North Carolina enacts new controversial rights law

Alayna Glover, Reporter

On March 23, North Carolina’s governor signed a bill that prevented cities from allowing transgender people to use public bathrooms as well as locker rooms assigned with the gender they identify as, along with restricting cities from passing nondiscrimination laws.

This new law took effect before the city of Charlotte could pass its own law allowing transgender individuals to use public restrooms that correspond with their chosen gender. However, the state law was not passed without argument. Two transgender men, a lesbian, the American Civil Liberties Union of North Carolina (ACLU), and Equality North Carolina sued Governor McCory, Attorney General Roy Cooper III, and W. Louis Bissette Jr., the chairman of the Board of Governors of the University of North Carolina and want a judge to declare the state law unconstitutional and a violation of federal laws banning sex discrimination.

In the state House of Representatives, about a third of the Democrats voted for the law along with the Republicans, but in the state Senate, all 11 Democrats walked out of the chamber in protest, leaving the 32 Republicans.

Supporters of the new law state that allowing transgender individuals to use the restroom of their choice would give easy access to potential predators to enter, claiming they were transgender. Opponents of the new state law say that other places that passed the transgender law have not had those problems.

“One of the biggest issues was about privacy,” Tim Moore, North Carolina House Speaker, said. “The way the ordinance was written by City Council in Charlotte, it would have allowed a man to go into a bathroom, locker or any changing facility, where women are — even if he was a man. We were concerned. Obviously there is the security risk of a sexual predator, but there is the issue of privacy.”

Before the North Carolina law was passed, Carcano, a 27 year old transgender man, and Gilmore, a 52 year old lesbian woman, used men’s restrooms and locker rooms on public campuses without any problems. Gilmore and her spouse traveled the state and checked into public accommodations as a lesbian couple without fear of discrimination. Now, Carcano and Gilmore worry potential violence and bullying will cause substantial harm to their mental health and well-being.

The lawsuit reads how lawmakers made no attempt to cloak their actions in a veneer of neutrality, but instead openly and virulently attacking transgender people, who were falsely portrayed as predatory and dangerous to others.

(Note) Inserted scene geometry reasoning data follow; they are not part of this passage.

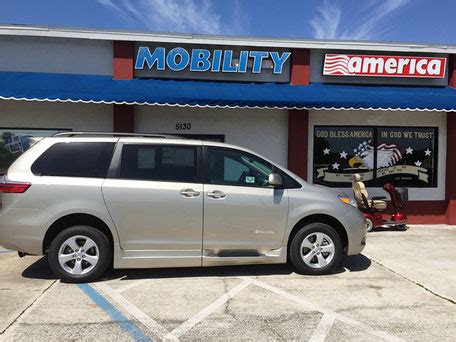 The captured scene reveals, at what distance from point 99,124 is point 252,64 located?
12.6 ft

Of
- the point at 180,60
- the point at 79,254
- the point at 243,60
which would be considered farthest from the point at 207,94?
the point at 79,254

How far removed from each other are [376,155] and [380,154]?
117 millimetres

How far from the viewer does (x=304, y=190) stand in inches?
231

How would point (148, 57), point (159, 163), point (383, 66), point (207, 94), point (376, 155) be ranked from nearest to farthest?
point (159, 163) → point (207, 94) → point (148, 57) → point (383, 66) → point (376, 155)

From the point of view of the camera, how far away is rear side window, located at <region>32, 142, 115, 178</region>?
539cm

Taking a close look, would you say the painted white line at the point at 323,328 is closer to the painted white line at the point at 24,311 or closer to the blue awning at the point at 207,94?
the painted white line at the point at 24,311

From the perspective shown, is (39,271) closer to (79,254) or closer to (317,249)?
(79,254)

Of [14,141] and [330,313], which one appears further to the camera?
[14,141]

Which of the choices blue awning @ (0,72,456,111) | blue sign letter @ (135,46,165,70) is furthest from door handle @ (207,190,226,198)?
blue sign letter @ (135,46,165,70)

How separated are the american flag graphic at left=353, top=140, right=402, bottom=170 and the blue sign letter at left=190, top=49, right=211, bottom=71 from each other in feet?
13.6

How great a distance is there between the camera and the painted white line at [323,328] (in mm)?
3895

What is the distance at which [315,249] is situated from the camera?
588 centimetres

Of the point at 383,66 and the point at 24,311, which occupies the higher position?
Result: the point at 383,66

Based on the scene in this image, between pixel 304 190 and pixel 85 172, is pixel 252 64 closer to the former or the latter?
pixel 304 190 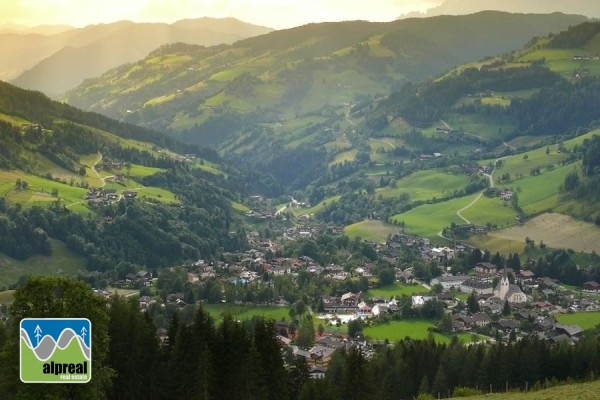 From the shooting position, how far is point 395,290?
129500 millimetres

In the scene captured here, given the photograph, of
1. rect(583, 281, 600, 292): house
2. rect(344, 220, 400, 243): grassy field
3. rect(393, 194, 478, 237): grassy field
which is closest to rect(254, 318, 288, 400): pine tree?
rect(583, 281, 600, 292): house

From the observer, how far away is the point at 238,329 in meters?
51.8

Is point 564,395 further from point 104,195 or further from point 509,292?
point 104,195

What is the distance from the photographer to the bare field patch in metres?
155

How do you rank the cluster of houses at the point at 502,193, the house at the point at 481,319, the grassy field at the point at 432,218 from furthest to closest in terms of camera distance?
the cluster of houses at the point at 502,193 < the grassy field at the point at 432,218 < the house at the point at 481,319

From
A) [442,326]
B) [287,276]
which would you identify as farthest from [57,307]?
[287,276]

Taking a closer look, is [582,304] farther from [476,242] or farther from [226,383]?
[226,383]

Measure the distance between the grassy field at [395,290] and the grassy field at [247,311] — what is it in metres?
19.5

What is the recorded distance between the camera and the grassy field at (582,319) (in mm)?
106438

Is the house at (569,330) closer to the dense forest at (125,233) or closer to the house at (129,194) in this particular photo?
the dense forest at (125,233)

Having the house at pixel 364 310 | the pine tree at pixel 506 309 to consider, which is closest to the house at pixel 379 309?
the house at pixel 364 310

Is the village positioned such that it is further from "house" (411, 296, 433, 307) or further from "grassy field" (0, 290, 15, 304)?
"grassy field" (0, 290, 15, 304)

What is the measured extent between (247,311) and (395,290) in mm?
31268

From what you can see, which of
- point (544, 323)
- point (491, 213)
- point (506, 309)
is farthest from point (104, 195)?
point (544, 323) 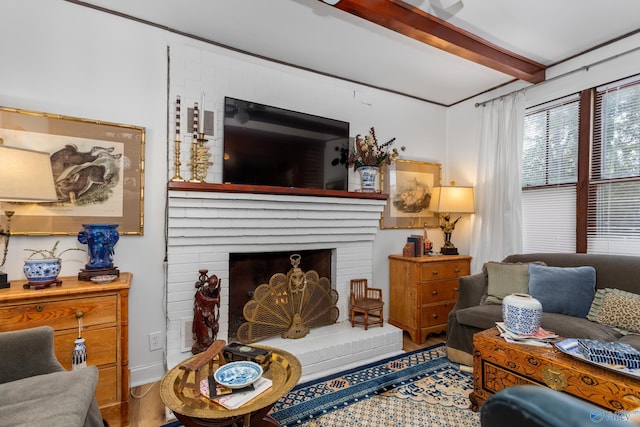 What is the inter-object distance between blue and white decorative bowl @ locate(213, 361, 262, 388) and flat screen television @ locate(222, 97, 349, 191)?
4.65ft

Governor McCory defended the new state law by saying Charlotte’s ordinance on bathrooms was a “radical breach of trust” and the new North Carolina law would “stop this breach of basic privacy and etiquette,” and “the basic expectation of privacy in the most personal of settings, a restroom or locker room”.

However, the groups further pressed that lawmakers introduced and passed the law in a “process rife with procedural irregularities,” and did not cloak the discriminatory focus.

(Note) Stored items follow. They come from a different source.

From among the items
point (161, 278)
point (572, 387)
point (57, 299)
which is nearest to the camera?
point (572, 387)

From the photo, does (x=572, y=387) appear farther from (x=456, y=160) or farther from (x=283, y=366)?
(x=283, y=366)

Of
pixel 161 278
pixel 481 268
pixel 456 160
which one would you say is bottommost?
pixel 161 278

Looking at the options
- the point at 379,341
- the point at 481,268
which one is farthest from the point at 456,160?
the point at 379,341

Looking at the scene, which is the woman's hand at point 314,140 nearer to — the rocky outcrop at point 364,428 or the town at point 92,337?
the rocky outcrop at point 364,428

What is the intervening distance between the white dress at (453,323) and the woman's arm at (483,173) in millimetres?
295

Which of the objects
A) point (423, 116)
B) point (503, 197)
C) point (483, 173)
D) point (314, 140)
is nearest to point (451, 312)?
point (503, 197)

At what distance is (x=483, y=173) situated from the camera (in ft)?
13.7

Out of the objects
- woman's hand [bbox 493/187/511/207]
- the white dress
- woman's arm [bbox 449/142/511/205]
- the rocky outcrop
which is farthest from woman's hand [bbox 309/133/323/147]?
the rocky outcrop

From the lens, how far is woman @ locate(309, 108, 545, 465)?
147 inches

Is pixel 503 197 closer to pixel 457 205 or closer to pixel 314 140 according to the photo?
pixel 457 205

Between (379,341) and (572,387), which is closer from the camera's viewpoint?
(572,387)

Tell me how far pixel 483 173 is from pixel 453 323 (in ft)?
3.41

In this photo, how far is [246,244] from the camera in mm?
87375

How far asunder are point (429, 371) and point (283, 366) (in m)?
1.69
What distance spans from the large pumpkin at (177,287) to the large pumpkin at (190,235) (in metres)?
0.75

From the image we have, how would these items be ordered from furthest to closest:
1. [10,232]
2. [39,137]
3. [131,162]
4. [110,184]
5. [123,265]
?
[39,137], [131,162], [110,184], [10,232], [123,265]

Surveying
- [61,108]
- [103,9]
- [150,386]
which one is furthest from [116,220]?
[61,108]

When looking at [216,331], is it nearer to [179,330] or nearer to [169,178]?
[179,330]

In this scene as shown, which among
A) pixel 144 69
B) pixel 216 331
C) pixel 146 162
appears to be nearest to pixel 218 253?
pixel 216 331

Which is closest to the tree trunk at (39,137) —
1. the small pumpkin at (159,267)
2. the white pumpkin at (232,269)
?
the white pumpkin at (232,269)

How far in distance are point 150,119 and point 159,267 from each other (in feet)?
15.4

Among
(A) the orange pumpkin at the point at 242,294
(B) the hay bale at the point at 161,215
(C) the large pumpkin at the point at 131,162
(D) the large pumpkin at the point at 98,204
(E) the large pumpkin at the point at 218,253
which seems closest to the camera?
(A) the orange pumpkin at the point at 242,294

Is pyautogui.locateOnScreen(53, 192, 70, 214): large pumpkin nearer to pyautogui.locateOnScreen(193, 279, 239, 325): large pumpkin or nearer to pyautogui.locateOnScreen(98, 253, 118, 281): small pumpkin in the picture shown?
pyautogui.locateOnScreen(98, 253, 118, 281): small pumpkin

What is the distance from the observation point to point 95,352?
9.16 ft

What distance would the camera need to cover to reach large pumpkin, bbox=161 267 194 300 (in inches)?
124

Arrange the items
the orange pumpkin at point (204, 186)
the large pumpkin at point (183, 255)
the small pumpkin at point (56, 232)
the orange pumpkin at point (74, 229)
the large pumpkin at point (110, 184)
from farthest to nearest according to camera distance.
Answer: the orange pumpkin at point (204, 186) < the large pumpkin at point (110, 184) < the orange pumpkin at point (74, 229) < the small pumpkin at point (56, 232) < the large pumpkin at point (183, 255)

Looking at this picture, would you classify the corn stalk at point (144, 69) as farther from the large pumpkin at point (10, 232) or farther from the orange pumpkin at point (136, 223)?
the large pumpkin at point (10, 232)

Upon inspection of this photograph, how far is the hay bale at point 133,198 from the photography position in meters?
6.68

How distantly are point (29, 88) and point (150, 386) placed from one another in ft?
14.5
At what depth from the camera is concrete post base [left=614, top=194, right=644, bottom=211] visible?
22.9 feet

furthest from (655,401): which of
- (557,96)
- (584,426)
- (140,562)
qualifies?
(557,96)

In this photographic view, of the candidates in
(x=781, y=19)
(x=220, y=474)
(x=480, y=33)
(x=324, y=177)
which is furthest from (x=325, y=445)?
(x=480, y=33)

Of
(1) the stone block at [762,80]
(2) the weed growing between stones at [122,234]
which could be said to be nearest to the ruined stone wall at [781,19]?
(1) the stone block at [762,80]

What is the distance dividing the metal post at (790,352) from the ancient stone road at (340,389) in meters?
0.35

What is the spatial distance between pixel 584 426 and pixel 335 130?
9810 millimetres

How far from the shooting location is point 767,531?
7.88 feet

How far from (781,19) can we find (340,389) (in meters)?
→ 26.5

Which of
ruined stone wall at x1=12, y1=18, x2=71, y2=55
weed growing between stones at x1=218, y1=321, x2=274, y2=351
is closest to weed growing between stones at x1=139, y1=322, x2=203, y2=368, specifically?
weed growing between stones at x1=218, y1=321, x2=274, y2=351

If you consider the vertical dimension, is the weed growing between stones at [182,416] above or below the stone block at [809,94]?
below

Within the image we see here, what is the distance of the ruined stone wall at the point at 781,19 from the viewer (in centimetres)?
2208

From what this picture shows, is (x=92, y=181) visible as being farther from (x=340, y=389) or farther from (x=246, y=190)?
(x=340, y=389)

Attorneys for the challengers said that while they are not overly optimistic that it will happen, they hope to persuade the General Assembly to overturn the law when they return later March or early April for the beginning of the legislative session.

“The rhetoric on display last week by some members of our legislature showed just how transparent their anti-LGBT motives were,” said Chris Sgro, executive director of Equality NC. “Not only did they keep the bill language secret until the morning it was introduced but it only took 12 hours to pass and sign into law a bill with terrible consequences for thousands of North Carolinians. … Now is the time to be on the right side of history, because together we will show the politicians that North Carolina refuses to be a leader in bigotry.”